Recently, discussions around health care reform have begun in earnest among politicians and policymakers in Washington, D.C. and beyond. President Obama has spent the month of June hitting the trail and the airwaves making the case for reform, and legislators are now aiming to pass a health care reform bill sometime this summer. With the possibility of comprehensive changes to health care on the horizon, it is important for leaders and policymakers—as well as citizens—to understand the full argument for reforming the health care system in the United States.

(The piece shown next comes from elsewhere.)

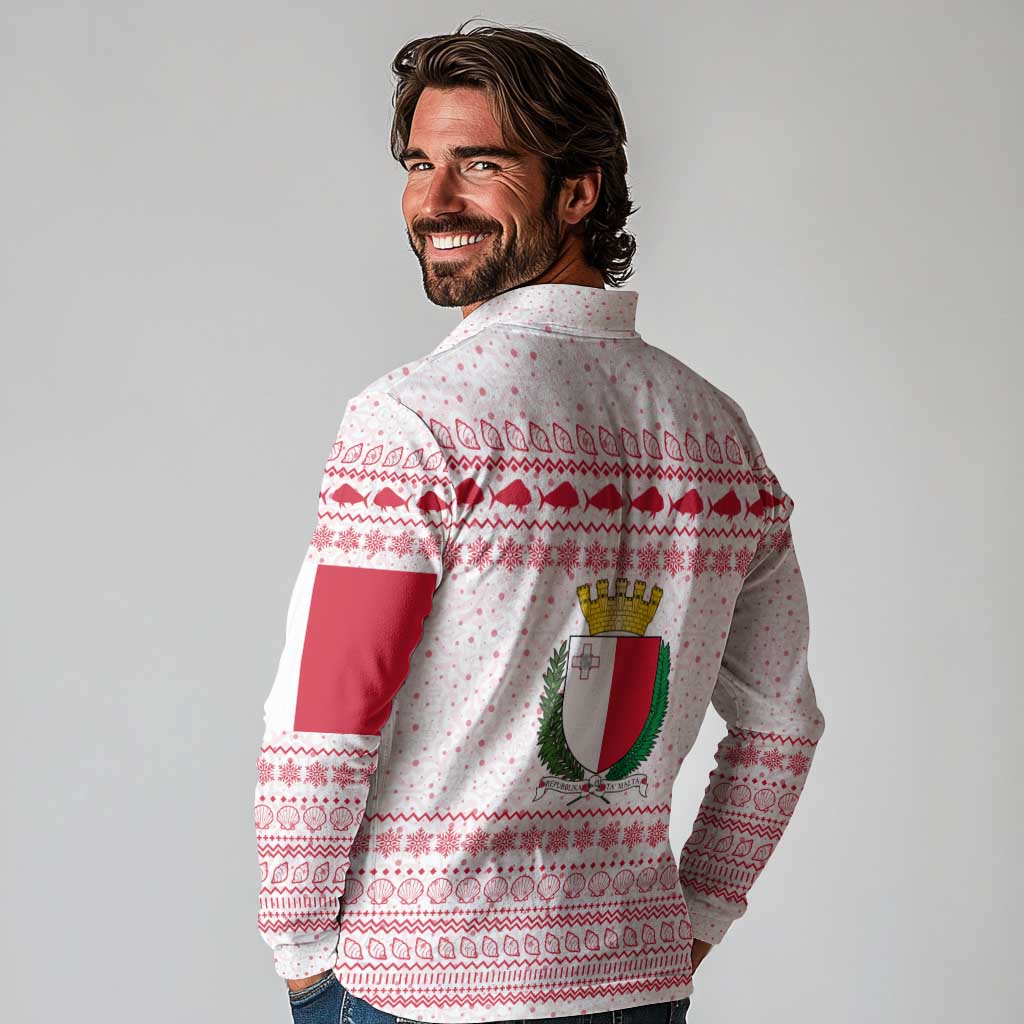 Malta Christmas Long Sleeve Polo Shirt with Santa Driving Vintage Bus Malta Flag and Red White Festive Pattern Design - Wonder Print Shop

Many of the most compelling reasons for health care reform are medical or moral in nature, such as insuring the 46 million Americans without health coverage and expanding access to care. But health care is also an economic issue, and there is a strong case to be made that reforming the system is essential to the long-term recovery of our economy. At a health care reform summit in March, President Obama said that “[i]f we want to create jobs and rebuild our economy and get our federal budget under control, then we have to address the crushing cost of health care…” This is exactly right. Health care is an ever-more-costly-burden that weighs down government, businesses, and workers alike. In the midst of recession, these costs become even more unbearable, greatly hindering all parties’ ability to recover from economic catastrophe—and making health care reform a top priority.
Crippling Government Costs
This year, the United States is projected to spend a whopping $2.5 trillion on health care—about the same amount of money that the federal government has spent on recession-related bail-outs since December 2007. (And this is without taking into account the indirect costs of an ineffective health care system, such as the $207 billion in economic losses that the U.S. suffers every year because of the poor health and shorter lifespan of people without health insurance.) According to the most recent OECD data, health care spending eats up more than 15 percent of the U.S. gross domestic product (GDP), a far greater proportion than in comparable countries around the world.
Such spending patterns are unsustainable. The Congressional Budget Office (CBO) projects that, should health care costs increase at their historical average rate, expenditures on health care would eventually consume a whopping 99 percent of the U.S. GDP. Though this is unlikely to come to pass—practically speaking, our system would collapse before reaching this point—it is still a sobering projection.